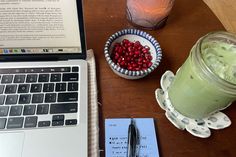 a laptop computer sitting on top of a wooden table next to a cup of coffee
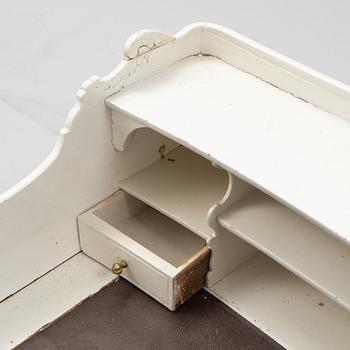 A painted rococo writing desk, mid 18th Century with later parts.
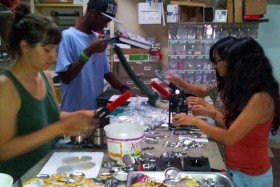 Three volunteers from Derechos Humanos work with Cedric of the Gloo Factory to make a few hundred buttons. 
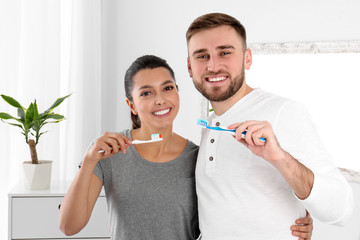 Young couple with toothbrushes in bathroom. Teeth care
******
### Aim of the exercise
Write out exactly, and only, the lines from the line holding "A painted rococo" through the end of the data, inclusive, without any pictures.

### Reply
 A painted rococo writing desk, mid 18th Century with later parts.
 Three volunteers from Derechos Humanos work with Cedric of the Gloo Factory to make a few hundred buttons. 
 Young couple with toothbrushes in bathroom. Teeth care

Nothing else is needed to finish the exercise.